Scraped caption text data
================================

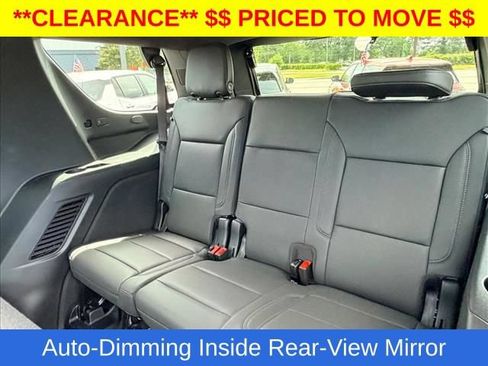 New 2026 Chevrolet Tahoe LT w/ Comfort Package AWD/4WD image 18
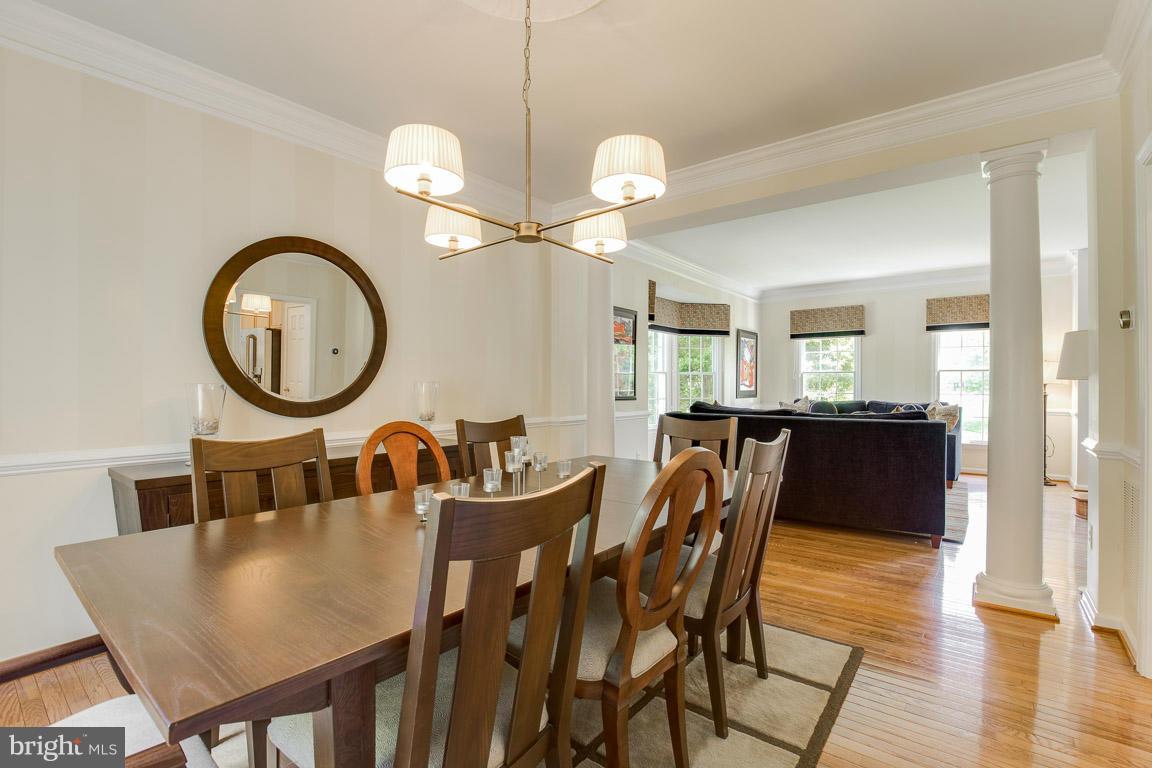 10850 Grovehampton Court Reston, VA 20194 - Photo 13 of 30 Dining Room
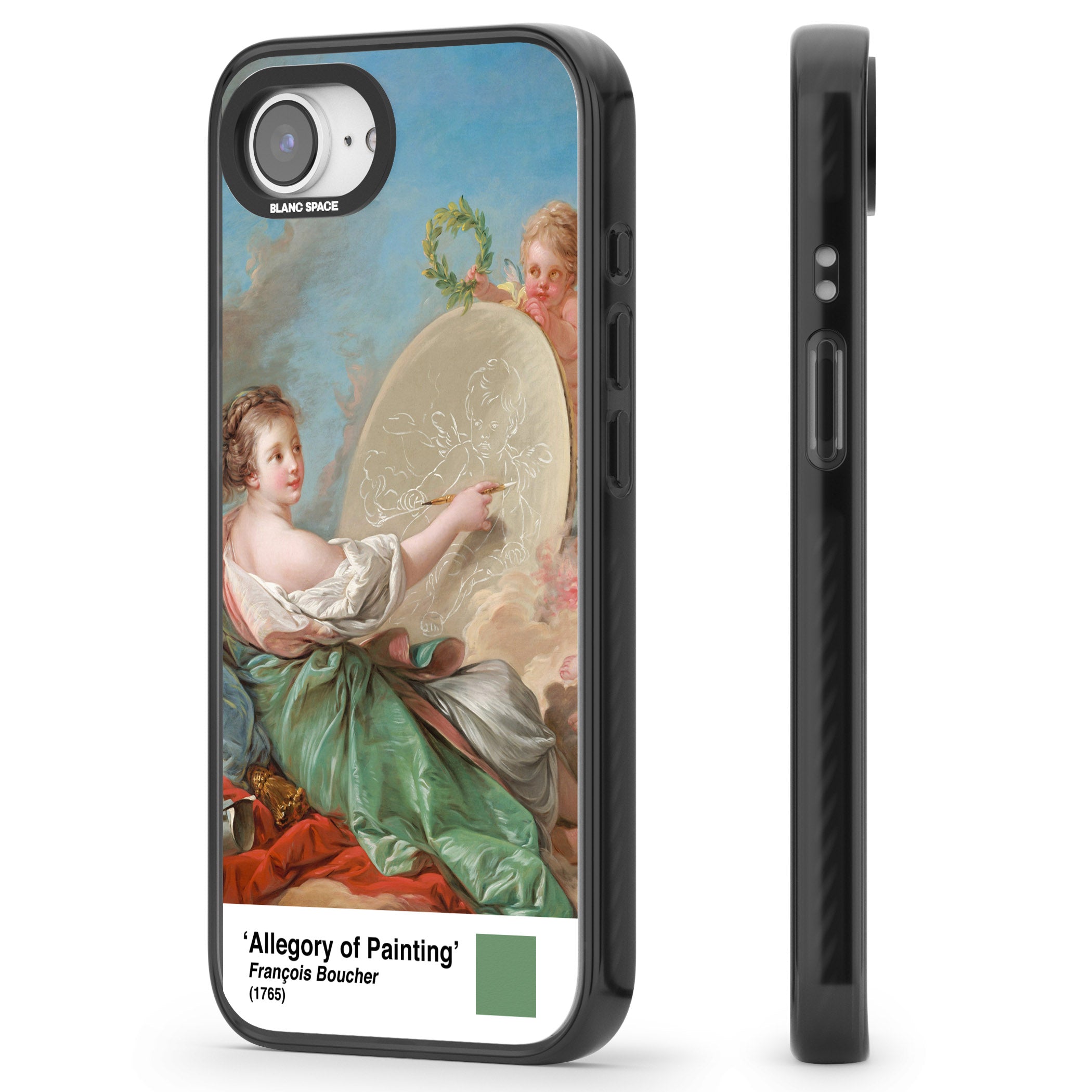 Allegory Of Painting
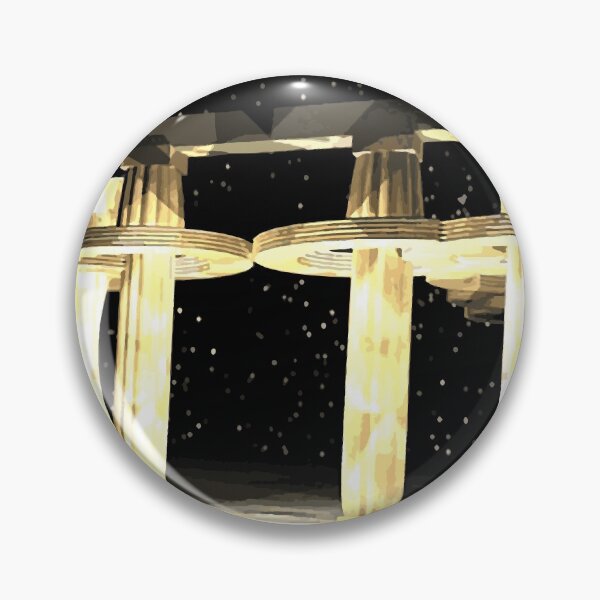 Item preview,  Egyptian Space Temple 2 designed and sold by emhoteb.
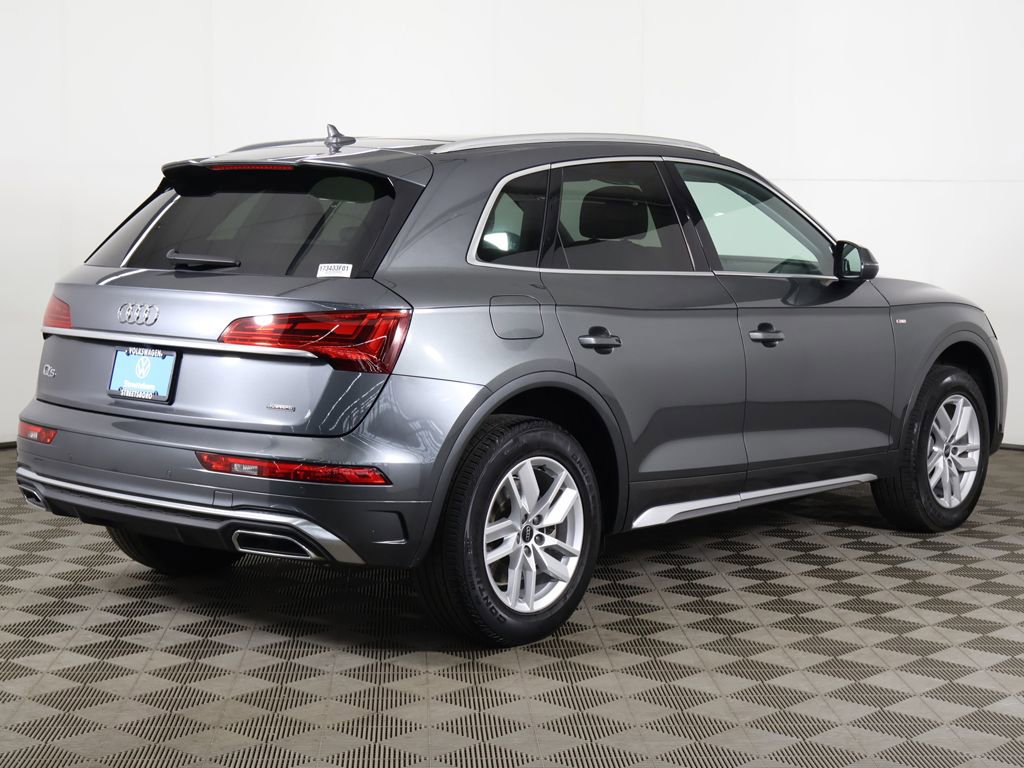 Used 2023 Audi Q5 2.0T Premium w/ Convenience Package AWD/4WD image 9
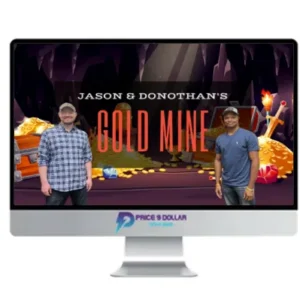 Jason Caluori – The Gold Mine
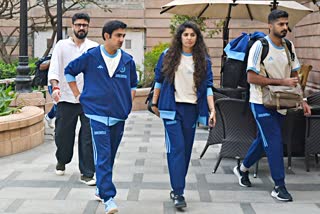 INDIA TOUR OF ENGLAND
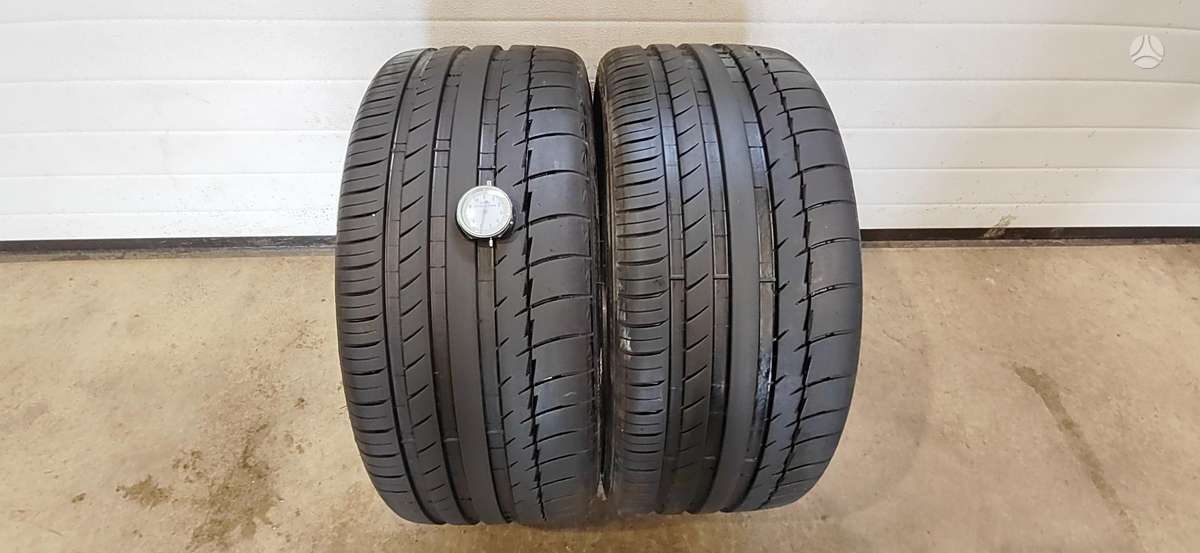 Michelin Pilot sport ps2, summer 235/35 R19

================================

Prompt
For this exercise, repeat word for word only the lines from the one containing "Jason Caluori – The Gold Mine" through the end of the data, including both. Pictures do not go in the copy.

Response below
 Jason Caluori – The Gold Mine
 INDIA TOUR OF ENGLAND
 Michelin Pilot sport ps2, summer 235/35 R19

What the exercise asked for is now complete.